When Google first came out with the G1, I was not impressed. The iPhone was still fresh and exciting and the G1 felt cheap and underdeveloped. I remember asking the first person I saw with a G1, “Do you work for Google?” Thinking, why else would you have that phone?
Times have definitely changed.
The Android OS has continued to improve and evolve with more and more handset manufacturers coming out with Android phones that people actually want. HTC, a relative no name a few years back, is successfully building their brand presence in the U.S. (thanks in large part to Android) and Motorola is in the middle of a comeback with the early success of the Droid.
With Samsung, Acer, Lenovo and Dell all coming out with Android phones, it looks like Android has a chance of becoming the “Windows” of the smartphone market. On top of this, rumors are that Google themselves are making their own smartphone which would provide the all-in-one hardware-software mix that has made Apple so successful.
So, how can the iPhone win against Android?
By doing what has worked for Apple in the past, focusing on quality and creating enough product diversity to satisfy their target markets.
More iPhone Models
When the iPod came out, there was one model and it was hugely successful, but in order to keep over 70% of the MP3 market share, Apple came out with the Nano, Shuffle, Video, etc. Same thing needs to happen with the iPhone. Different price points and storage capacities aren’t enough. Different hardware configs, screen sizes, form factors, etc. Why is a physical keyboard blasphemy?
Apple is know for innovating with the latest hardware.

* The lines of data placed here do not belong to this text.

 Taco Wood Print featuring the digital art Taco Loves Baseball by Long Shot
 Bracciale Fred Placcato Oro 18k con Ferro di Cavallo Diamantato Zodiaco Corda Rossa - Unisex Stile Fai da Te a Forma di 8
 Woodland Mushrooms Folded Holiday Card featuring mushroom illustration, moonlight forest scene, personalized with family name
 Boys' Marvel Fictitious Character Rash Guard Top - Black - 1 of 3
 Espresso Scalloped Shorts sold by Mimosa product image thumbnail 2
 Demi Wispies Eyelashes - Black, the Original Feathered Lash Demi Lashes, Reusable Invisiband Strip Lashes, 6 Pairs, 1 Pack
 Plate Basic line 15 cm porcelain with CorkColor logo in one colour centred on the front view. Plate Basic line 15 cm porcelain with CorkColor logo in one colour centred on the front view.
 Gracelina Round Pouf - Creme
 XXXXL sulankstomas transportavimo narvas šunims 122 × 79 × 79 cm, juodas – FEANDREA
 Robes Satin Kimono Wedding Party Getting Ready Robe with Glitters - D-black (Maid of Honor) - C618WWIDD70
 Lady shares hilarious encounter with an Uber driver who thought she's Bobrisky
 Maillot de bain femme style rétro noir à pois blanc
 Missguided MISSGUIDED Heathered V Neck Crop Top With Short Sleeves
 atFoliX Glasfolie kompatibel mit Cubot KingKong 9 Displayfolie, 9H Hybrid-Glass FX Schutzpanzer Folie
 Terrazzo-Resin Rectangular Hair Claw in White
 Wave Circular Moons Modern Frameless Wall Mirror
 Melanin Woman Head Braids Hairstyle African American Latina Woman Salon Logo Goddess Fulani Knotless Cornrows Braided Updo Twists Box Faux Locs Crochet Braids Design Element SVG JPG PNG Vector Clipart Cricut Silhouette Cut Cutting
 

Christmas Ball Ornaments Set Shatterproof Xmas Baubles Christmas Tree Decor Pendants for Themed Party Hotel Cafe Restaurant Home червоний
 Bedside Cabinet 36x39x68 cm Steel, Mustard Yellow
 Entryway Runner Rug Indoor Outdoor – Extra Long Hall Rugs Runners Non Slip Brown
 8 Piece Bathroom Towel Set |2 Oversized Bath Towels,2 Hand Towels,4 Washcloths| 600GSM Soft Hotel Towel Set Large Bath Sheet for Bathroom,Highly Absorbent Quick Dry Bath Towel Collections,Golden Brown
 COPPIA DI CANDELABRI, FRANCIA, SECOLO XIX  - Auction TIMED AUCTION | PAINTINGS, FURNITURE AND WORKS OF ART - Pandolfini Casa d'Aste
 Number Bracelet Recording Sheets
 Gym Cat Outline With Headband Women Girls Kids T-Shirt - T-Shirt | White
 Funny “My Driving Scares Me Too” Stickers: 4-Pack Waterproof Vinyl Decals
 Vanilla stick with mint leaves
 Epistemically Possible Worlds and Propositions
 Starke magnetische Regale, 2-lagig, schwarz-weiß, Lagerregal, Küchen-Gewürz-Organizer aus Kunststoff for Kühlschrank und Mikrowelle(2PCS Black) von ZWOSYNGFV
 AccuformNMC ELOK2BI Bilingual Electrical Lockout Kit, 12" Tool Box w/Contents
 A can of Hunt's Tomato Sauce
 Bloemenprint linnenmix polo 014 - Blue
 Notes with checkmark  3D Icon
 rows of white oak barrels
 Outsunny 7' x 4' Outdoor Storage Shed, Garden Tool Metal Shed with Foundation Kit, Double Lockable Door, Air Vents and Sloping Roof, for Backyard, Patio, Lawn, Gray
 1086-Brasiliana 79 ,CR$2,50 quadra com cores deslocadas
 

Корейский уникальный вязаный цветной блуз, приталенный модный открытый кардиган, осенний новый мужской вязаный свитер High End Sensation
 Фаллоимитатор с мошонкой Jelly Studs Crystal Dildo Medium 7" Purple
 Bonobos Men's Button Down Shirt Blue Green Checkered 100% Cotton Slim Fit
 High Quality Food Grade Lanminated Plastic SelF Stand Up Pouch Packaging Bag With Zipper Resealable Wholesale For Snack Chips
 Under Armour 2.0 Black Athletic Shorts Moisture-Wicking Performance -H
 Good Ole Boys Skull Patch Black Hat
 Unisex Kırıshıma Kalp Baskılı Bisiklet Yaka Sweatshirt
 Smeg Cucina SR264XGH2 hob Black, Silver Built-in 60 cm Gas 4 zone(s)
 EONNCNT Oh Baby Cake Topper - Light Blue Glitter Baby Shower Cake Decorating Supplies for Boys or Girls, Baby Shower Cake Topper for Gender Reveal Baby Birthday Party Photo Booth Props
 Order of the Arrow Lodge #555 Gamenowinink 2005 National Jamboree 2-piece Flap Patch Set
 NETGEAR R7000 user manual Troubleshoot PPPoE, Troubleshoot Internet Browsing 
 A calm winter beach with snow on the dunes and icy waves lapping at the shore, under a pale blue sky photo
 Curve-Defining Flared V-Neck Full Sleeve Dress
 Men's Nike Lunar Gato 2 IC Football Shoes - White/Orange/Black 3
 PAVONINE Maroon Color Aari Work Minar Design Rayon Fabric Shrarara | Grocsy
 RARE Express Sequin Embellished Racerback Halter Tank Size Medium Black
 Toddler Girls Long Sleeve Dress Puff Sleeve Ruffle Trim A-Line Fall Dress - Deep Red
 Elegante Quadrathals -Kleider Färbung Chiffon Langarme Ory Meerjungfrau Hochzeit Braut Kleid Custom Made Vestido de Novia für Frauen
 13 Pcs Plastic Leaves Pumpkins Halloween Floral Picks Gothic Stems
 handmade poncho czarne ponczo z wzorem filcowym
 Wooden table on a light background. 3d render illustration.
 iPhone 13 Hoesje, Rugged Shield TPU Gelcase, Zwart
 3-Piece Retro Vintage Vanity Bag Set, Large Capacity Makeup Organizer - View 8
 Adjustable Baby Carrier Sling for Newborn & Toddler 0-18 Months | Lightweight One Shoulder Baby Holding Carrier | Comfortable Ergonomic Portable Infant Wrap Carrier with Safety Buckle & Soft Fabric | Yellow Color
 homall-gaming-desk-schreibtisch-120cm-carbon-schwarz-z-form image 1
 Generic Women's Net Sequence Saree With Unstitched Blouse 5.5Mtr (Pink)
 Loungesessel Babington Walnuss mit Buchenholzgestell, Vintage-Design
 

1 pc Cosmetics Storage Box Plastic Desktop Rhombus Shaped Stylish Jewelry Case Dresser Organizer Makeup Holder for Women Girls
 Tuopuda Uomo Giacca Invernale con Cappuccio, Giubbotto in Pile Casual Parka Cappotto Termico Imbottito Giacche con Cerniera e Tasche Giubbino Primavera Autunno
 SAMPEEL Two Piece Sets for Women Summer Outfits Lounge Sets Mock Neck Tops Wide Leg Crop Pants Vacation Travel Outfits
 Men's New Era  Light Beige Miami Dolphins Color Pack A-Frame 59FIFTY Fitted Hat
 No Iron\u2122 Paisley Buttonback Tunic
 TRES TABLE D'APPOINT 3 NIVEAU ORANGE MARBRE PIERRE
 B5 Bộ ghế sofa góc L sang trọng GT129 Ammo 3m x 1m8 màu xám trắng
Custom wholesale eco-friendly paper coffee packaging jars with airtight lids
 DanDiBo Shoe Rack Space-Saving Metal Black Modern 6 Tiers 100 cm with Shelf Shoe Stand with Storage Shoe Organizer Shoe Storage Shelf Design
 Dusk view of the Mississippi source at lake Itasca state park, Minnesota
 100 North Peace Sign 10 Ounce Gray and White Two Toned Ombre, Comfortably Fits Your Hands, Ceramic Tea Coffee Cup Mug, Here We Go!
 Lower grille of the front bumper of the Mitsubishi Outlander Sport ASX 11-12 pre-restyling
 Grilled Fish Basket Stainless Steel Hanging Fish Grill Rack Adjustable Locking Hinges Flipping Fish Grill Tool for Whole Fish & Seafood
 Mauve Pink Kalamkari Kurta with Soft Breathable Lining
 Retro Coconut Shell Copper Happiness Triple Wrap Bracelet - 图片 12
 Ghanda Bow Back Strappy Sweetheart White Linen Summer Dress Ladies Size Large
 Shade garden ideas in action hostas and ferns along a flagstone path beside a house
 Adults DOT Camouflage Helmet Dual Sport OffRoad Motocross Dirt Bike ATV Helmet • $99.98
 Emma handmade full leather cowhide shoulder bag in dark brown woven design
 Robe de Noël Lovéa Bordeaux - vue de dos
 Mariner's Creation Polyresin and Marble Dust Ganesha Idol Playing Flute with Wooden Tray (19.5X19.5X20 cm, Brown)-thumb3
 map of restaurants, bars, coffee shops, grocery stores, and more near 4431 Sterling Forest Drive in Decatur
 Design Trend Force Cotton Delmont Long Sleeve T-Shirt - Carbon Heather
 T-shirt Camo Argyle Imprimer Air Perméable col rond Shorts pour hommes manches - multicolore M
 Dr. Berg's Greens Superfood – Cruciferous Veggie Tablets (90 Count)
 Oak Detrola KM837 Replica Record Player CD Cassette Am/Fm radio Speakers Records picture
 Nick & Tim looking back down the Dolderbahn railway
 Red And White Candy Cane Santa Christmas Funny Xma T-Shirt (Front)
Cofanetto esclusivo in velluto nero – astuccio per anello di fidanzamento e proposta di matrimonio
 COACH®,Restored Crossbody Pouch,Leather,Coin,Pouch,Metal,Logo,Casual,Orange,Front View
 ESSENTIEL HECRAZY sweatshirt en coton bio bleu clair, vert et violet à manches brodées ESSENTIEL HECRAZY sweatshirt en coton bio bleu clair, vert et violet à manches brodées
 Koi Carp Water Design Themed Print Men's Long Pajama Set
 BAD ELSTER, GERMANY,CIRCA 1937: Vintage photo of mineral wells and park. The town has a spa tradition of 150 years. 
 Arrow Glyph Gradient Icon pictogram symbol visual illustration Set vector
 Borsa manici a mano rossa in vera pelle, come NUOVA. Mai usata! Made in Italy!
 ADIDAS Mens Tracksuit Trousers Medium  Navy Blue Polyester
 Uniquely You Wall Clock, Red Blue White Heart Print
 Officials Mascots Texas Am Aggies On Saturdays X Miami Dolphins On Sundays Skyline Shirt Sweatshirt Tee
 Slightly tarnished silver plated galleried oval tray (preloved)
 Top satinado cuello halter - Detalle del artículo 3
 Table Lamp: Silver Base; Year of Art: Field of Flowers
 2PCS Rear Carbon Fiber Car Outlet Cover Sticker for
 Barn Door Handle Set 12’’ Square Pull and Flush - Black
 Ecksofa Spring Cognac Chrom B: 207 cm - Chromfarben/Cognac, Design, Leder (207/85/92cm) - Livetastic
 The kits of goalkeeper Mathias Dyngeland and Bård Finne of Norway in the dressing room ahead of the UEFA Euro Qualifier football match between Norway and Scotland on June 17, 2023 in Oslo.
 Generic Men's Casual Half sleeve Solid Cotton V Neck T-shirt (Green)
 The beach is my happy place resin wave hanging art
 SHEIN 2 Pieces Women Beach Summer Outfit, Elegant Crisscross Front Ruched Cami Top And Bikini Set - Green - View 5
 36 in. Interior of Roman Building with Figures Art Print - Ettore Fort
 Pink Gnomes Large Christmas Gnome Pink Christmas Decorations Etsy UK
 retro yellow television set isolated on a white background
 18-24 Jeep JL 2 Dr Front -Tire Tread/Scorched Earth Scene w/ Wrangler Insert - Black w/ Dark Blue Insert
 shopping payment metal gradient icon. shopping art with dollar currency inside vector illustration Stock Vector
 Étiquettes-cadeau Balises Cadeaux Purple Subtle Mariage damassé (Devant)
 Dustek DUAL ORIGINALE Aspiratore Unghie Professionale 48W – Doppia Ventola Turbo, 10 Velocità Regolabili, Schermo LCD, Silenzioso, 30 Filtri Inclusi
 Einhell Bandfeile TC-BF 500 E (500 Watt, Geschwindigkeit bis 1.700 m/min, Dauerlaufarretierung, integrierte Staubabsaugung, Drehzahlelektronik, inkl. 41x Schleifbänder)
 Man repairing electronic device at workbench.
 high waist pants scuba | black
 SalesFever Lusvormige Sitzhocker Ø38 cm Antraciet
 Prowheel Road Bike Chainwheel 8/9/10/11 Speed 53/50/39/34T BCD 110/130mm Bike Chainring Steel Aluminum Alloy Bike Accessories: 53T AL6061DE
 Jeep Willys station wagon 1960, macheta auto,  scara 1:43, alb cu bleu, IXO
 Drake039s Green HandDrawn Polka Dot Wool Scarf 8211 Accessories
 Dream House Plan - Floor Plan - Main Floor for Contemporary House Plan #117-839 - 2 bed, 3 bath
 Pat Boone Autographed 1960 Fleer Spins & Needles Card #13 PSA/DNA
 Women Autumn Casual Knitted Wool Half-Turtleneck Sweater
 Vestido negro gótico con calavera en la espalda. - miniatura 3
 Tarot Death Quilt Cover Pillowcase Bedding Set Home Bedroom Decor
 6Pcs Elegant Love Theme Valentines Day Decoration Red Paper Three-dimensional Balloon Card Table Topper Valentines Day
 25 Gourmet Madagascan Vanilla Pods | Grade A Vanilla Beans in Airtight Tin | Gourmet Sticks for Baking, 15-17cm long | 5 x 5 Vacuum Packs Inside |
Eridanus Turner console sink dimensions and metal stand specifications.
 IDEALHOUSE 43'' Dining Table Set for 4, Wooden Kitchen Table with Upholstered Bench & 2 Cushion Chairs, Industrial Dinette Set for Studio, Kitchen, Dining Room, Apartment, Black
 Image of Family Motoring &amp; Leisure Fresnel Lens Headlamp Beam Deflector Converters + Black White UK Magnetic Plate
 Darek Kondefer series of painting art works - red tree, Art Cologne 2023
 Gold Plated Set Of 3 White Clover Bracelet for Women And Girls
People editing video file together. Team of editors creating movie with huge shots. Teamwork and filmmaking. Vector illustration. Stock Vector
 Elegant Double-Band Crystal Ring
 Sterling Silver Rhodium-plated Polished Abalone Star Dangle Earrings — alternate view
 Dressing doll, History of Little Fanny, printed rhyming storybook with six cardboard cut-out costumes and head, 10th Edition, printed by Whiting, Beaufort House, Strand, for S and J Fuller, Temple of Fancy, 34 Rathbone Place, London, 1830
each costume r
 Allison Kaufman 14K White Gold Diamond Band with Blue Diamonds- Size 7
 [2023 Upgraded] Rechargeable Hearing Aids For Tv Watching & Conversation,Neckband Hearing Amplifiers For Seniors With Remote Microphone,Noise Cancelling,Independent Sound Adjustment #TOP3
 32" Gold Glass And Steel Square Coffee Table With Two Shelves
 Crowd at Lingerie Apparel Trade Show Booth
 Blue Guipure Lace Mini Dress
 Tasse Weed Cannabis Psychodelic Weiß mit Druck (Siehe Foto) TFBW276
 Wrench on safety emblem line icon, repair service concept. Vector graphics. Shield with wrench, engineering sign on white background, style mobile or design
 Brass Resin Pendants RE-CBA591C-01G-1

They were the first laptop manufacturer to include built-in wifi, wide screen displays, backlit keyboards, etc. The original iPhone had the best touch screen and great specs, but the 3GS was a hardware snooze fest. Front facing camera for video chat (can be low rez and only work on wifi,) 5mp camera with flash, and their own line of doc connector peripherals (i.e. game controller) would be awesome.
Open Up the App Store
Yes, it’s good that Apple wants to keep the junk out of the app store and wants to insure that the iPhone experience doesn’t suffer because of poorly written apps. However, the public attention is not on how many apps there are, but how the approval process is slow, flawed and over restrictive. Provide more ratings, allow more content, and hire more people to make the process faster.
User customization has never been a trademark of Apple but a little can go a long way. Either develop a framework for themes or give users more options for what appears on the unlock screen (widgets,etc.) Everyone’s iPhone looks the same and for the Apple creative crowd, that’s not a good thing. At least offer more exterior colors, people eat that up.
Get On Verizon
Hopefully this in already in the works. Don’t let AT&T’s network issues drag down the iPhone brand in the U.S. A lot of users are going with Android because they don’t use (or want) AT&T.
Diversity and competition are great for technology, and I for one am glad it’s Google and not RIM or Microsoft giving Apple the run for their money. Although I’m obviously a die hard Mac fan, the Droid and HTC Dragon look really tempting. I want to use an iPhone because I believe it’s the best hardware/software combo out there, not just because it’s got an Apple logo on it. The iPhone is still tops, but it’s gonna take a lot of innovation to stay in the lead when it’s Google on your heels.